HSF seeks a declaration that the Minister’s decision is unconstitutional, unlawful and invalid and that it be set aside. Following it being set aside, HSF asks that the decision to terminate the ZEP be sent back back to the Minister to consider afresh, following a proper, procedurally fair process.

Pending such fair process, HSF asks that the ZEP remain valid. HSF does not ask that the court order that the ZEP remain valid in perpetuity.

8. Why is this case important for South African Citizens?

While this case may appear to have the interests of ZEP holders at its fore, the principles which underly HSF’s argument are of concern to all who live in South Africa. Hasty government action that does not respect everyone’s right to be fairly consulted when their rights are adversely affected should be opposed in all its manifestations. This, so that South Africa can be a place where government exercises its power fairly, deliberatively and with full sight of its consequences.

This case is also a recognition that the best interests of ZEP holders and South Africans are not at odds. ZEP holders are a community of migrants, lawfully residing in South Africa, who have contributed a great deal to South Africa’s economic, social and cultural life. By effectively deciding to excise ZEP holders from South African life, without taking the time to assess the impact of losing them, the Minister’s decision threatens to harm South Africans and ZEP holders alike.

9. Who will Appear Before the Court between 11 and 14 April 2023?

Between 11 and 14 April 2023, the Pretoria High Court will hear three separate applications that challenge the Minister’s decision to terminate the ZEP –

1. Helen Suzman Foundation and Another v Minister of Home Affairs and Another

In this matter, HSF is the main applicant and it will be joined by the Consortium for Refugees and Migrants (CORMSA) as an intervening party in challenging the Minister’s decision to terminate the ZEP. HSF and CORMSA are opposed by the Minister and the ‘All Truck Drivers Forum and Allied South Africa’ , who will also join proceedings as an intervening party.

2. Zimbabwean Immigration Federation v Minister of Home Affairs.
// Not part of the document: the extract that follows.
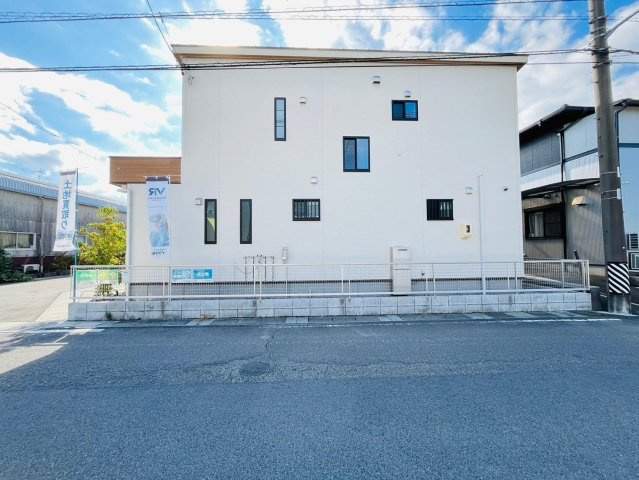 【商談中】戸建　瑞穂市別府Ⅲ　全4区画分譲の外観|■外観　■ヤマダ不動産　株式会社リライフ　■いつでもお問合わせ下さい。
In this matter, the Zimbabwean Immigration Federation (ZIF) seeks to challenge the Minister’s decision to terminate the ZEP on essentially the same grounds advanced by HSF and seeks the same outcome.

3. African Amity and Twenty-Nine Others v Minister of Home Affairs and Two Others

In this matter, African Amity NPC (African Amity) is the main applicant, along with twenty-nine individual ZEP holders. African Amity also seeks to challenge the Minister’s decision to terminate the ZEP but seeks relief wholly distinct from that sought by HSF, CORMSA and ZIF. African Amity will be opposed by the Minister.